Andrew found the old highway out of Walla Walla. I don’t think I ever thought of it as Highway 12. It was the only way into town. We went by Waiilatpu (place of dry grass) where the Whitman massacre took place. My freshman class at Whitman was the last one required to visit the site during orientation week.
Old Highway 12 goes through little old Lowden and Touchet, two communities where speeding is resented. Lowden is the site of Woodward Canyon, the first winery in the valley and L’Ecole No 41, the winery with some of the best marketing merch. The two towns were always markers on the trip to Walla Walla.

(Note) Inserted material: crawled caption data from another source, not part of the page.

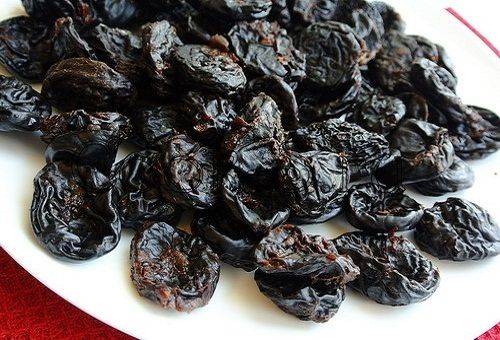 prune uscate pe o farfurie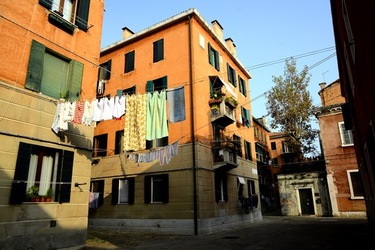 VENEZIA fotografie di Giulio Azzarello ©2020. VENEZIA fotografie di Giulio Azzarello ©2020.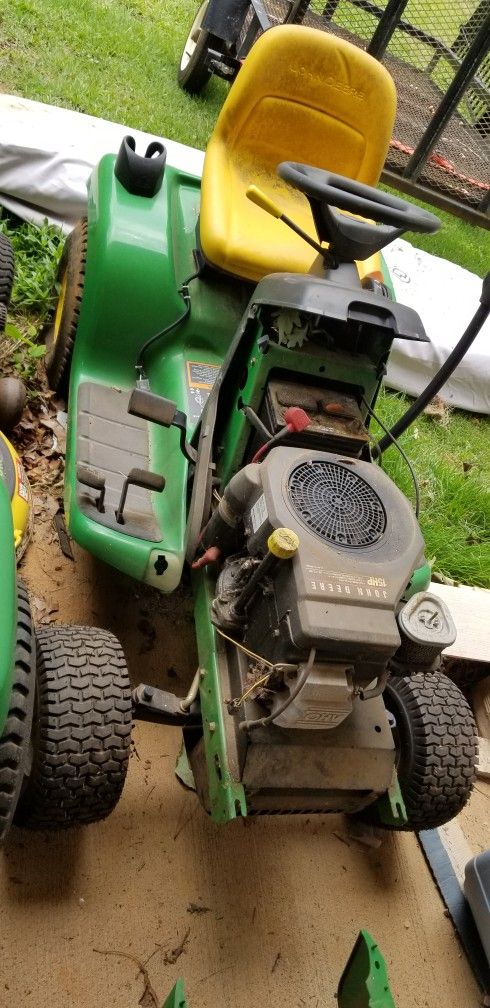 JOHN DEERE LAWN MOWER LT160 for Parts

We stayed on the old highway as much as we could, winding through the little farm towns. In Zillah, we visited the oddity that is The Teapot Dome Gas Station and visited with the docent and his lovely dog, Ebony and puppy, Alfie. At Union Gap we finally found the Los Hernandez Andrew had seen on Evening Magazine –the best tamales in the valley, in Washington, maybe in the country, the world. We got four different kinds: pork, chicken, asparagus, and cactus, then wandered around looking for a place to eat them.
We ate them at a park on the edge of another gem: the Central Washington Agricultural Museum, which features a street to resemble an old western town, full of period pieces of carriages, mechanical potato planters, wringer washing machines and the like. The most interesting aspect was not on the curated street; it was behind it. There must have been acres of old equipment, cars, trucks, tractors, every piece of equipment you could imagine a farming couple wanting to get rid of when they down-sized their home so they could move to a condo in Yakima.
The tamales were ok.
Finally we made stops at the Selah and Thorp produce stands, which weren’t as wonderful as I remembered them to be, but then a lot of things are that way.
In any case, I could relax. Andrew pretty got much the full Walla Walla experience.